Cette logique se décompose souvent en trois grandes familles d'étapes.
- Collecter : aller chercher la donnée dans chaque source, telle qu'elle est.
- Préparer : la nettoyer, recouper les fichiers, corriger les écarts.
- Diffuser : déposer le résultat là où il sert (tableau de bord, alerte, export).
Pourquoi c'est important pour une PME ?
Parce que les tâches répétitives mangent un temps considérable, et que ce temps est récupérable. Pour un dirigeant, automatiser un workflow veut dire moins de ressaisies, moins d'erreurs, et des décisions prises sur des chiffres à jour plutôt que sur un fichier d'il y a trois semaines.

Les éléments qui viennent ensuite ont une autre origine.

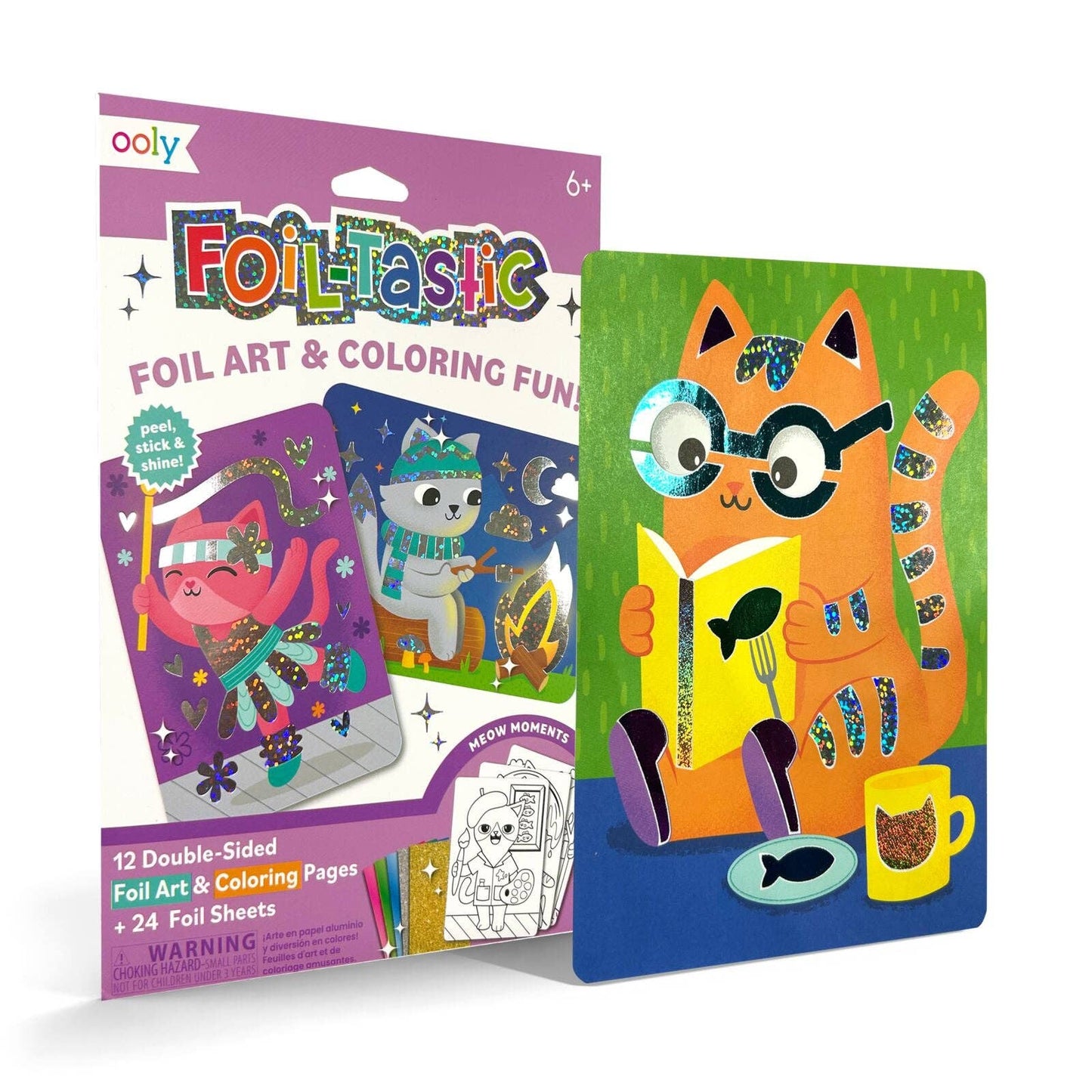 OOLY - Foil-tastic: Foil Art & Coloring Fun - Meow Moments (36 PC Set)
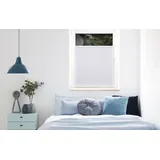 MYDECO Plissee FREE, weiß - 80 x 130 cm - Klemmträger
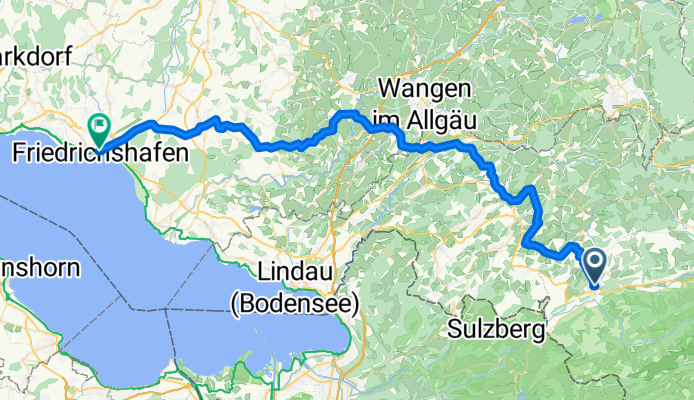 Von Oberstaufen bis Friedrichshafen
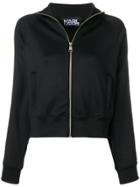 Karl Lagerfeld Logo Zip-up Jacket - Black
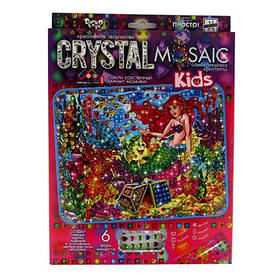 Набір креативної творчості CRYSTAL MOSAIC KIDS CRMk-01-01,02,03,04...10 Danko Toys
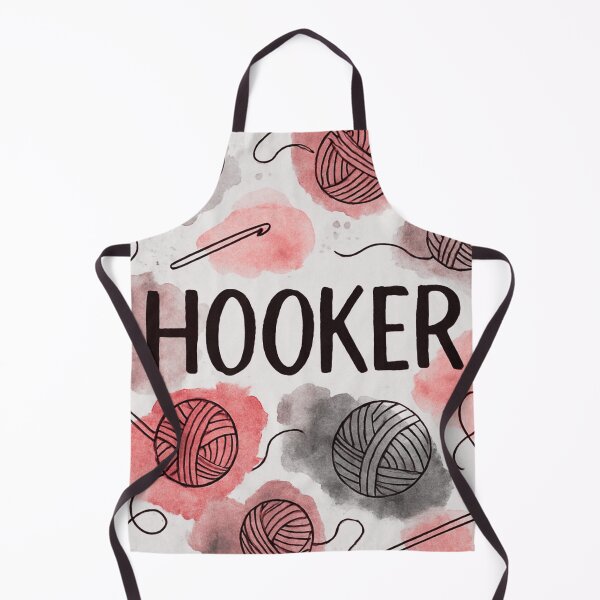 Item preview, Crochet ‘hooker’ graphic red& black designed and sold by Justov.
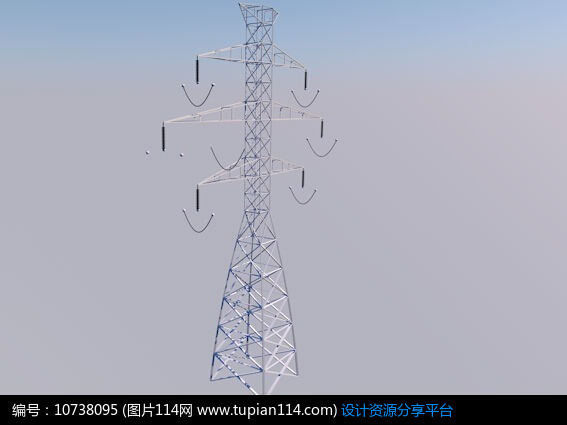 高压电塔c4d模型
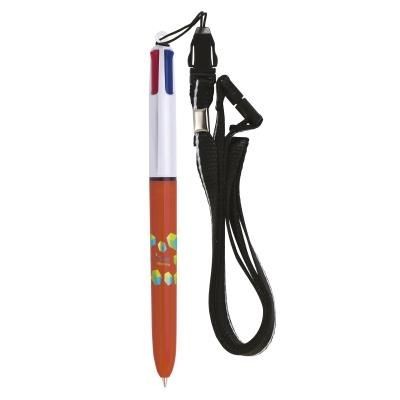 Picture of BIC® 4 COLOURS FINE + LANYARD SCREEN PRINTING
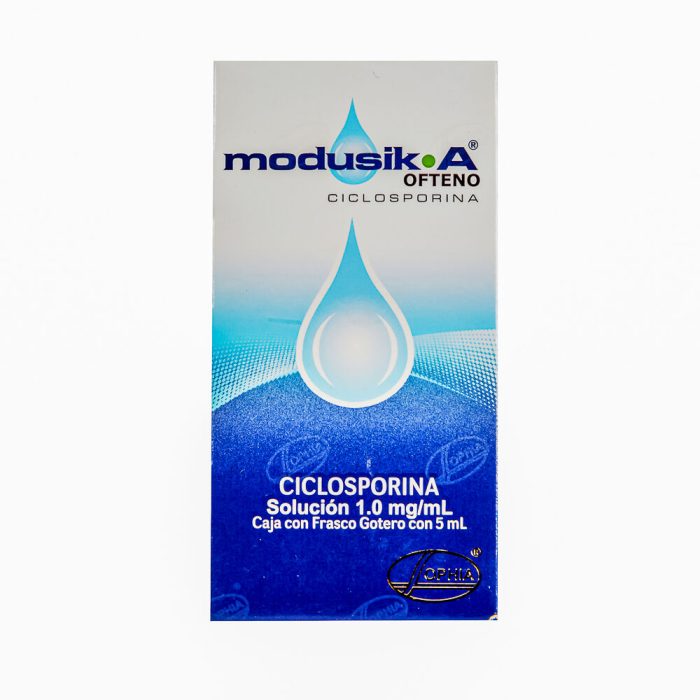 MODUSIK A .1 SOL OFT 5ML CICLOSPORINA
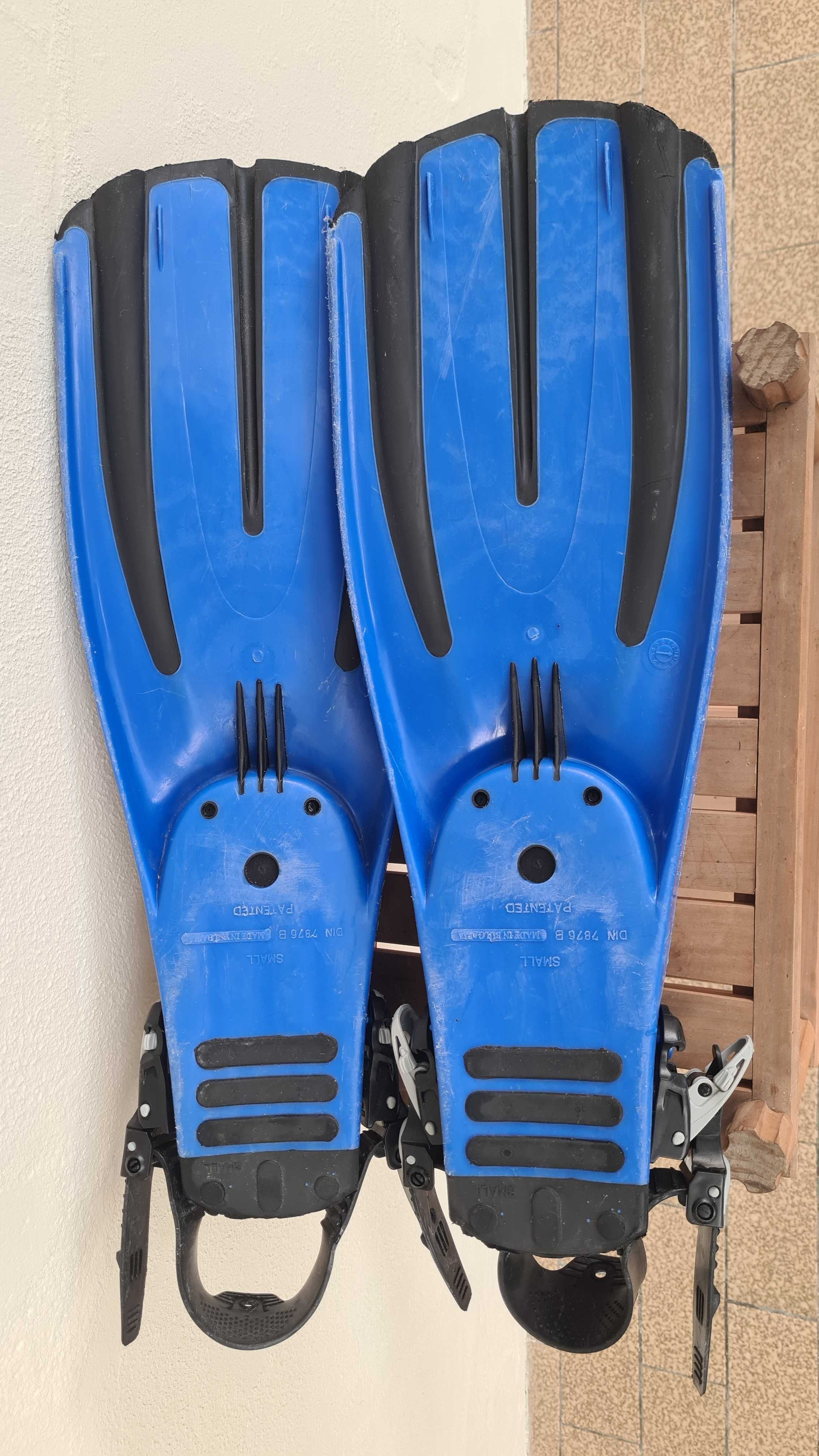 Barbatanas mergulho Mares Avanti X3 azuis tamanho S (40/42)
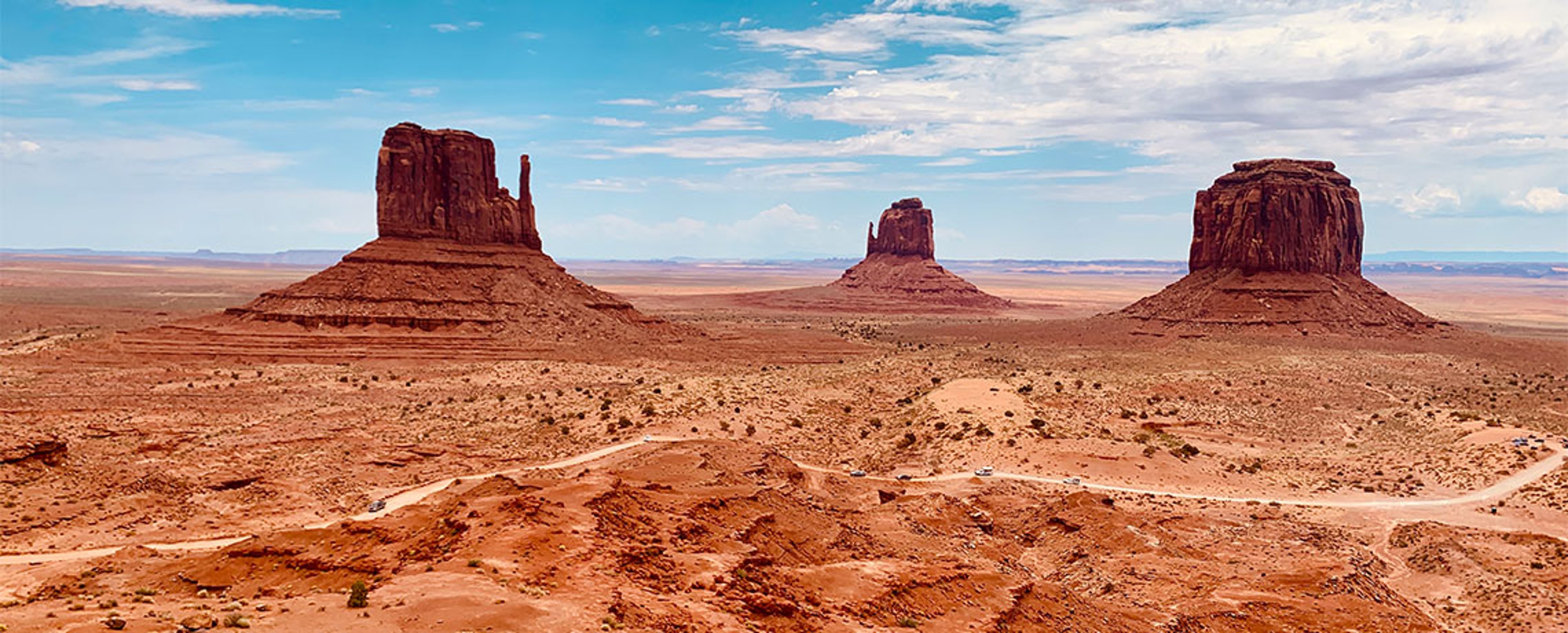 Monument Valley stone formations 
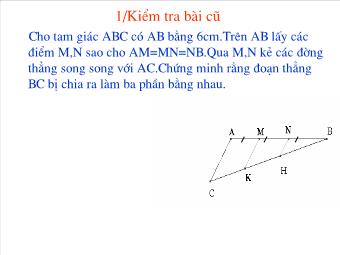 Tiết 19: Luyện tập đường thẳng song song với một đoạn thẳng cho trước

Le potentiel est large. McKinsey estime que les technologies déjà disponibles pourraient automatiser des activités qui occupent 60 à 70 % du temps de travail des salariés (McKinsey). Tout ne se résume pas à la data, mais une grande part de ce temps part dans des manipulations de fichiers évitables.
Pourtant, l'écart entre l'envie et l'usage reste énorme. D'après le Baromètre France Num 2024, seules 3 % des TPE et PME utilisent réellement des solutions d'automatisation de tâches (France Num). Le terrain est donc largement ouvert pour celles qui s'y mettent.
Un cas concret le montre bien. Chez un distributeur de matériel électrique que nous accompagnons, un workflow fait remonter chaque matin 256 références en rupture, sans une seule saisie manuelle. Le dirigeant sait quoi commander avant même d'ouvrir son ERP.
Des exemples d'automatisation côté données
Les workflows utiles à une PME sont souvent moins spectaculaires qu'on l'imagine, mais très rentables. Voici des cas que nous mettons en place régulièrement.
- Alerte de rupture de stock : chaque matin, la liste des références à recommander, calculée depuis l'ERP, sans tableur.
- Tableau de bord de marge : ventes, achats et stocks recoupés automatiquement, pour une marge juste à jour.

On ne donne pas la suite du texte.